Lastly, scores on the overall water meaning measure significantly differed as a function of endorsement group, such that the low resilience endorsement group rated their local water source as less personally meaningful than did the high endorsement group (p = 0.001). No other relationships were significant.
Discussion
Resilience building is, above all, a governance issue13,32,41,42. Identifying baseline endorsement of water resilience provides a first, critical step in building further support for resilience principles for managing and governing water resources. Important to this argument is that individuals have agency and collectively can effect change at a much larger scale18,19,43,44,45,46. Also important is the acknowledgement that shifting mindsets of individuals represent one of the best, most effective levers we have for effecting change22,47,48.
Despite the increasing number of studies conducted on resilience assessment and measurement49,50,51,52, little attention has been paid to the extent to which, at the individual level, there is endorsement of the concept. Overall, we found considerable societal endorsement of water resilience by the Canadian and US public. It is promising to see that society endorses (i.e., agree with and see the importance of) social-ecological resilience as a framework for managing and governing water resources. In the next two sections, we discuss the key findings from this study and future research directions.
Individual differences and resilience endorsement predictors
Although overall resilience endorsement was quite high, there were individual variations in endorsement that were associated with differences in a variety of demographic, psychological, and environmental factors. In general, these factors varied between the low and high resilience endorsement groups only, depending on the specific predictor (Fig. 2). Therefore, we focus our discussion on the differences between the low and high endorsement groups.
Demographic, psychological and other, environment-focused factors that predict low water resilience endorsement at the individual level. Predictors are ‘bundled’ by the three types of factors, and listed in order of importance, with the best predictor in bold font.
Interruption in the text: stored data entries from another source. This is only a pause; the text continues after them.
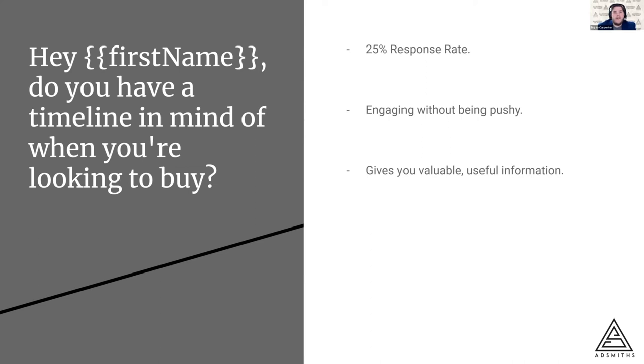And that lets you gauge how you need to handle that person. If someone replies to this message and says, I'm trying to buy in three months, then I know, okay, we really need to get moving because there's a lot of pieces that need to fall into place in order for this to happen in their three-month timeline.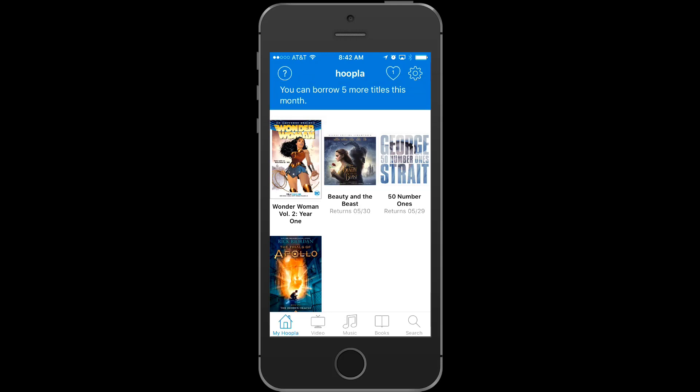Let's start by browsing. At the bottom, you'll see that you can choose video, music, and books. Video includes both movies and TV. Music contains over 300,000 full albums. And books is for e-books, audio books, and comic books.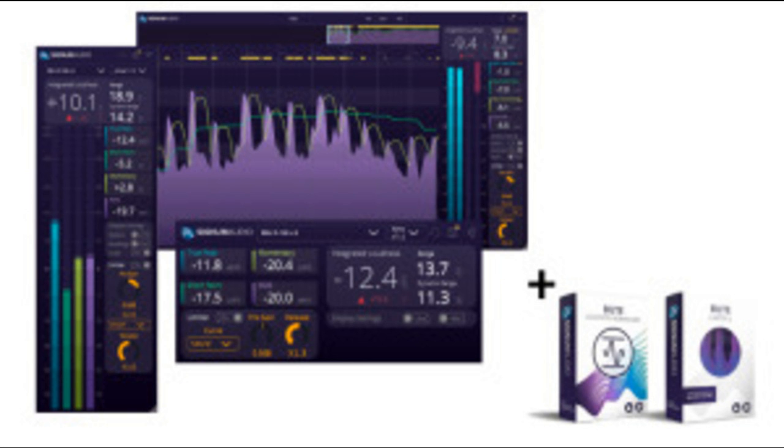The latest update includes the same improvements, aside from the limiting functionality, to the BUTE Loudness Analyzer 2 (BUTE LA2).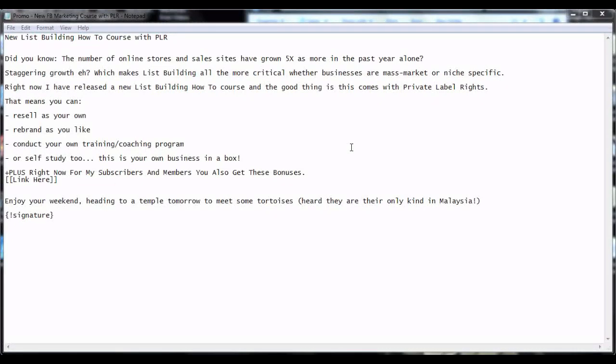Hi and welcome. In this video, I'm going to show you how to write your own promo email to your subscribers. A promo email that serves as a pre-sell. Without further ado, let's get started.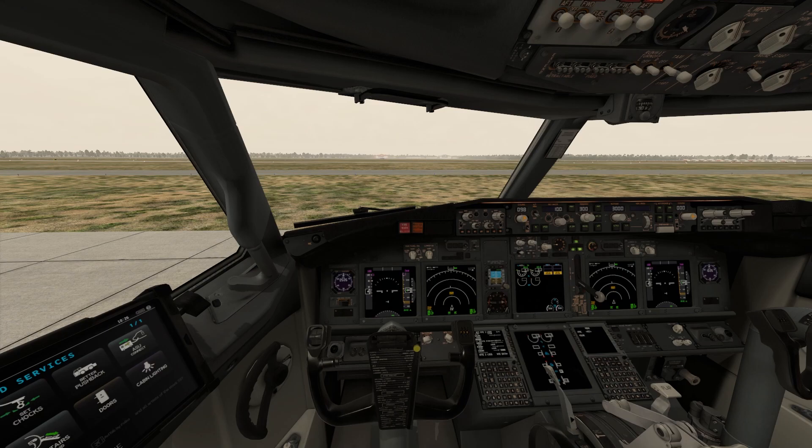Welcome to my channel. In this video I'm going to tell you how to delete a flight discontinuity in the flight plan of the ZiboMod Boeing 737-800.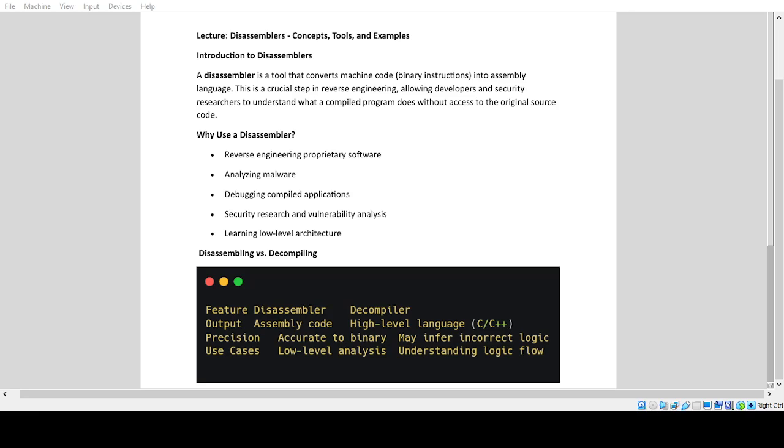Lecture: Disassemblers - Concepts, Tools, and Examples. Introduction to Disassemblers. A disassembler is a tool that converts machine code binary instructions into assembly language.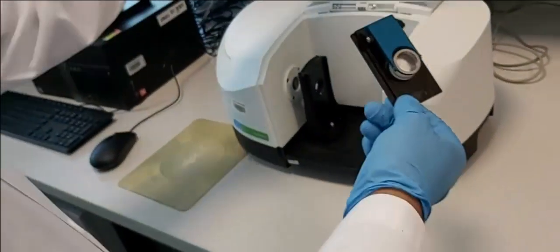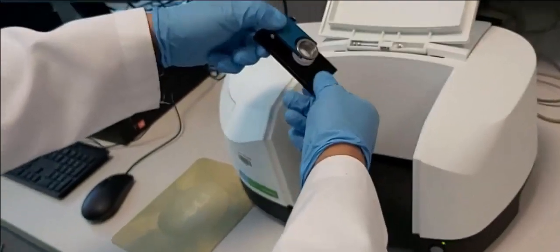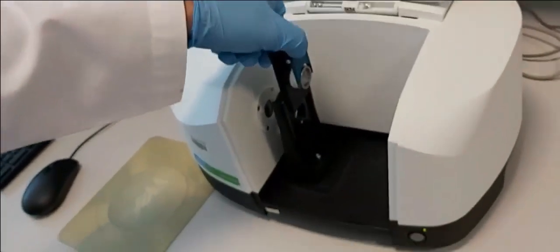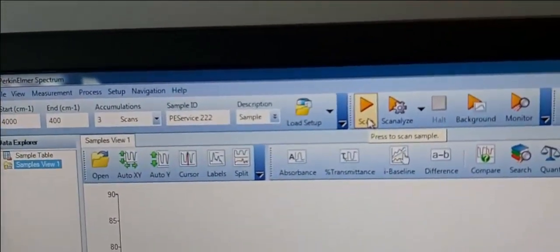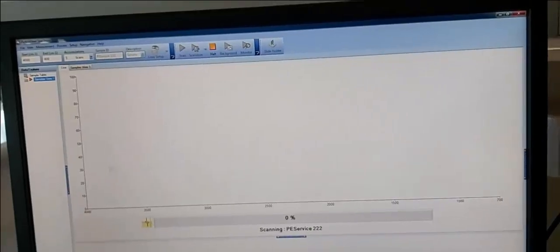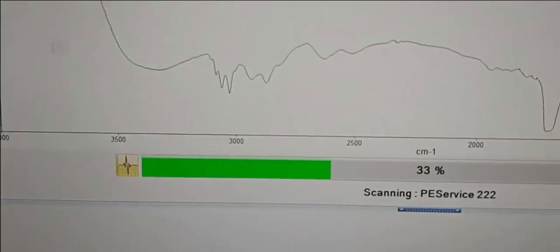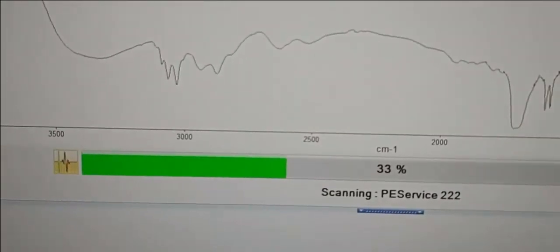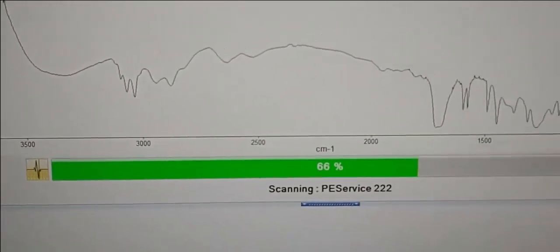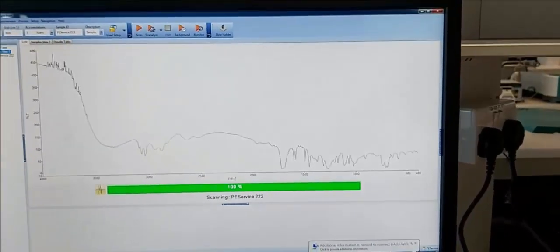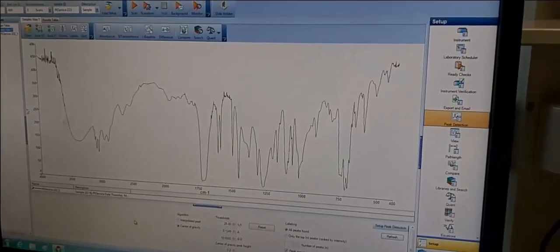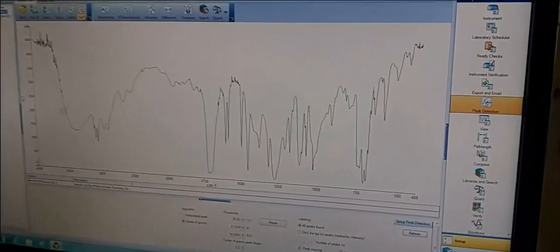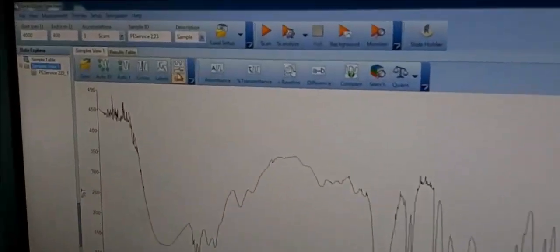We place the two disks in the holder and fix the holder on the IR apparatus. Then we go to the computer software and click Scan. In a few seconds the spectrum appears. After we get the full spectrum, we click on Labels and the peak numbers appear on the screen.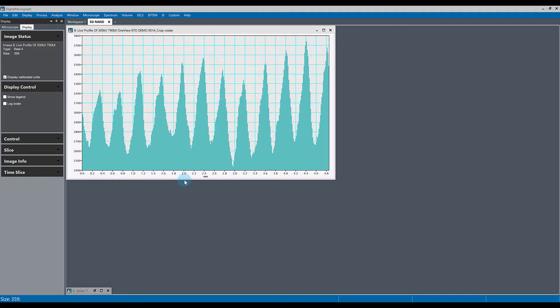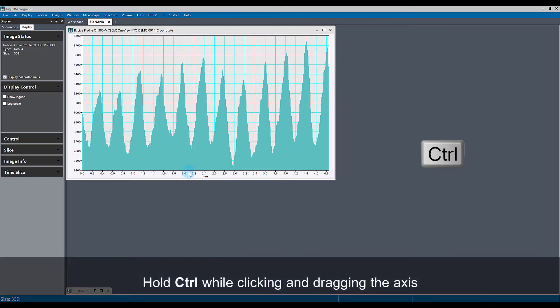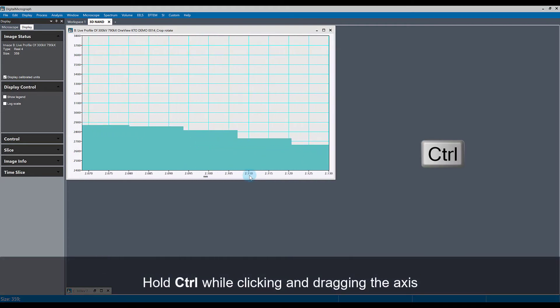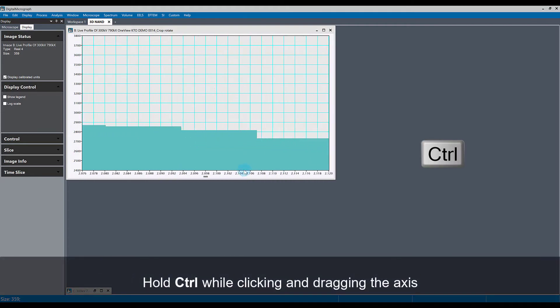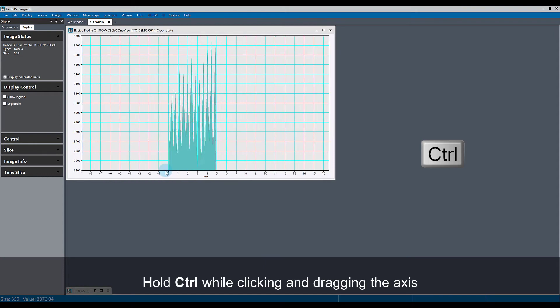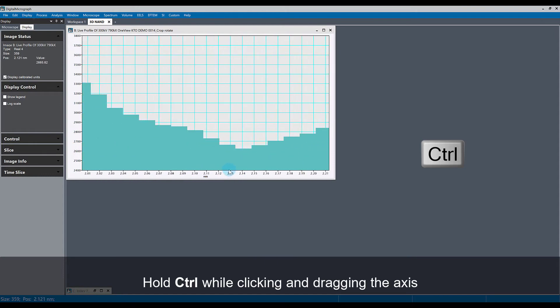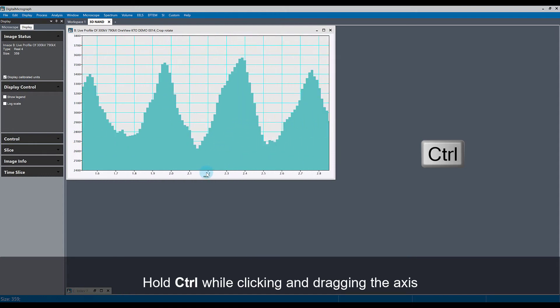You can do this by holding the control key while you left click on the axis and drag left or right to zoom in or out of the line profile. This works for both the X axis and the Y axis.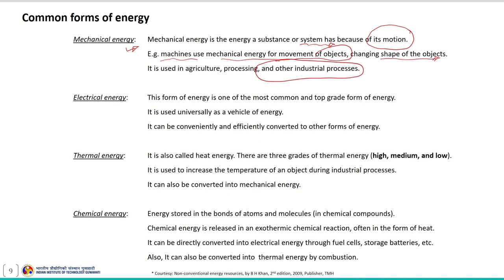Electrical energy is one of the most common and top-grade forms of energy. It is used universally as a vehicle of energy because it can be conveniently and efficiently converted into other forms of energy — for example, electrical energy can be converted into mechanical energy very easily and efficiently.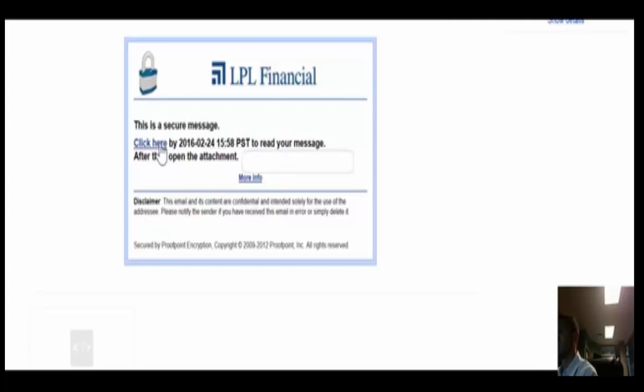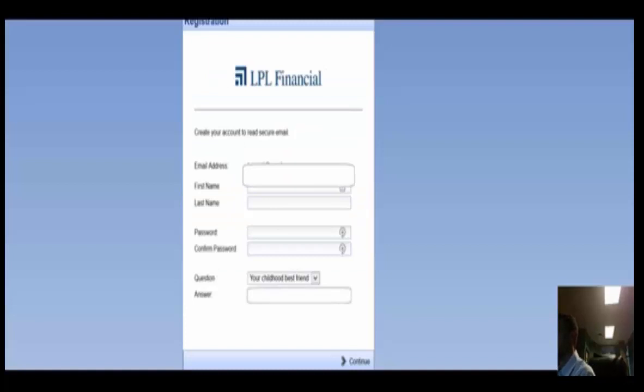So first thing you're going to do is you're going to click here. You're then going to see a registration screen where it's going to ask you to input just a few basic questions along with a security question. So I will go through and fill that out.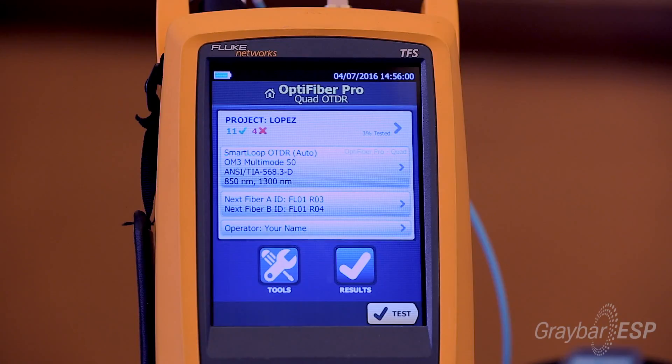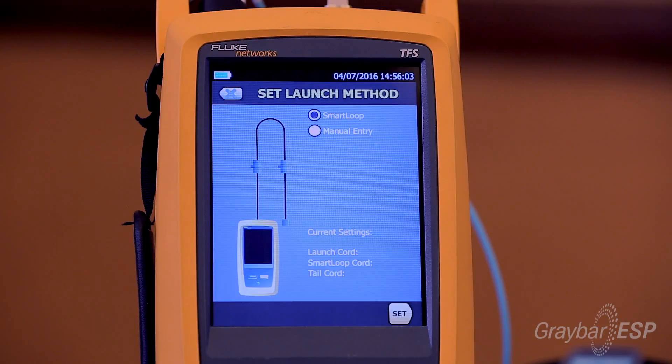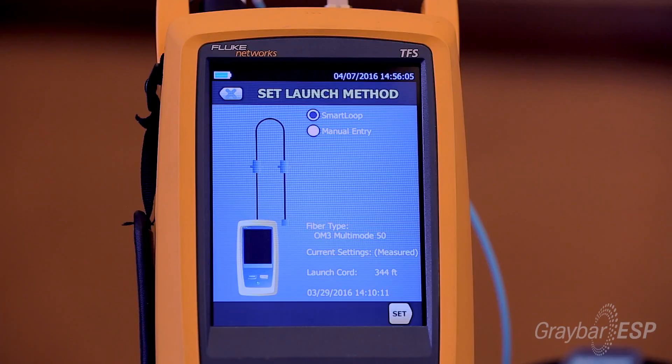Once you save that change for smart loop, come back to the compensation of the launch, which is under Tools > Set Launch Compensation. It will ask if you're doing smart loop and show you a diagram of how it should be set up. The first link to the first connector is your launch, the second link to the second connector is your smart looping launch, and then there's a receive or landing fiber. Once you have this set, hit Set and you're ready to go.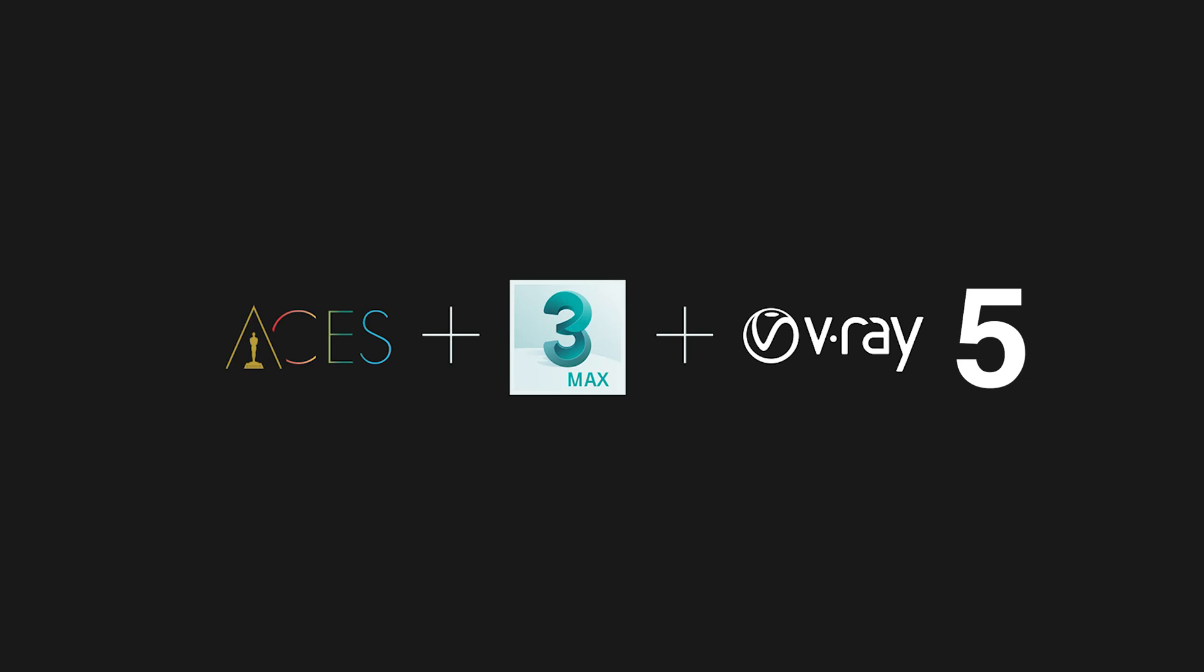Hi, in this video I will tell you how to set up ACES color space in 3ds Max and V-Ray 5. Generally, everything is not much different from previous versions because the overall working principles are the same.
First, an analysis of the demographic factors revealed a number of characteristics that differed between the high and low resilience endorsement groups. Specifically, the low endorsement group tended to be significantly younger, more religious, and more politically conservative than the high endorsement group. This is partially consistent with past research on demographic predictors of climate change. For example, in the climate change literature, it has been well-established that politically conservative individuals53,54,55,56,57, and religious individuals57,58, are less likely to engage in pro-environmental behaviours or endorse interventions to mitigate the effects of climate change. However, our finding that younger individuals were less likely to endorse the concept of water resilience is in stark contrast to past literature that has demonstrated that younger individuals are typically more likely to support pro-environmental behaviours than older individuals57,59,60. This finding may indicate an important deviance between findings from other fields like climate change scepticism, and is worth examining further in future research studies. Interestingly, demographic factors that were expected to be associated with pro-environmental attitudes, such as gender and education57,60,61, were not associated with attitudes towards water resilience. One explanation for these disparate findings is that, overall, endorsement for water resilience was quite high with little variability. As such, only those demographic factors that had a strong influence on attitudes differentiated between our high and low endorsement groups. However, this does not explain why there was a significant age difference between our high and low endorsement groups that was in direct contrast to what has been shown in the literature.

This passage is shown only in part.